Тешилась Нюра летучими попрошайками и дозволяла им подкармливаться съестными отбросами свального загончика. Бывало, и пригрозит метлой окрестным пацанам:
— У-уу, сорванцы! Я вам рогатки-то пообломаю, божью тварь не троньте!..
А в Бога она верила. Тайно… Стояла воскресно в сокольническом храме со свечкой в потеющих неопределённостями руках: «О чём испросить?..»
Так и уходила пустой, крестясь да молча… И отчего-то печально смотрели ей вслед намоленные иконы…
…Бабка Меланья вонюче зевнула беззубостью. «Опять Боженька день творит. Швятой Он, вот-те крест швятой! Пошто штолько днёв-то? Шделал один, и будет ужо. Тут ш вещери так намаяшши, шпать бы-ыы… Ан нет.» — И она опасливо покосилась на запертую кладовую: вдруг войдёт кто через доски эти прогнившие, такой же плесенный и невидимый? — «Швещи в коробочек надобно, как покойников, а инаще пошто по им беждомные-то огарки штавить? Непорядок это! Не по-божешки, — озабоченно запричитала бабка и, довольно улыбнувшись собственной прозорливости, продолжала разворачивать свою фантазию: следить надлежит. Вот щас наштанет шупротивный, Он меня вожьми и вопрошай гласом громовым: „Ну, Меланья, жа дело ты ёдывала хлеб швой, али не жа дело? Ответштвуй!“ А я Ёму: „Не прогневай, Благодетяль! Вшо по уму, по чину. Швешки: бошок — к бошку, робрышко — к робрышку в коробошке. Да не по-проштому, лешенкой к небешам“.

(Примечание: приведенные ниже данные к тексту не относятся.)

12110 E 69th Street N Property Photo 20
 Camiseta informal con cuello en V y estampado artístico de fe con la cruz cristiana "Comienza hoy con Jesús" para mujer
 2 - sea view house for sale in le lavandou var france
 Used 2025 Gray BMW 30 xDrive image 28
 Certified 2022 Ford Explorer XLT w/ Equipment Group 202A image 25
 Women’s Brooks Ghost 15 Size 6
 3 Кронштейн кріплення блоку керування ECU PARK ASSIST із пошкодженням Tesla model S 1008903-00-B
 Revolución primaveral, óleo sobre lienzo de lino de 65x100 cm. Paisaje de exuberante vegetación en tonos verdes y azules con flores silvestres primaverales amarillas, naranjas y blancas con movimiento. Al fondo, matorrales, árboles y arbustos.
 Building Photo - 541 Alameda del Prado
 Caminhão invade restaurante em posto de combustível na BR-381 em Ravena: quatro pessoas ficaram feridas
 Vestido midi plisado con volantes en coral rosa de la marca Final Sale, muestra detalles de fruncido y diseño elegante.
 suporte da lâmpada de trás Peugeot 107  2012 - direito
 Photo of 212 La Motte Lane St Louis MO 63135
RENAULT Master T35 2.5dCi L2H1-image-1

И, так успокоив ворчащую свою совесть, бабка Меланья впрыгнула с помятой, продымленной заспанностью раскладушки в зачинавшееся утро, по-акушерски приговаривая: „Нишегоньки, главнее щакого поднатужитьща“, — и с молитвою на губах крысино нырнула за дверь — вниз, по расплескавшейся сумеречности лестничного пролёта…
„Отче Наш, сущий на Небесах…“
Жизнь булькала обыденностями, дворовые старики резались в домино, азартно выкрикивая: „Козёл! Рыба!“, изо всех сил треская по столу. И лишь образ разгорячённой уборками Нюры заставлял их забыть о приземлённом и обратить взоры выше, наполняя жизнь новым, им самим неведанным смыслом. Возведя глаза к небу, они только что и могли прохрипеть: „Ххо-ро-ша бабёнка“ — не то в её сторону, не то кому-то ещё.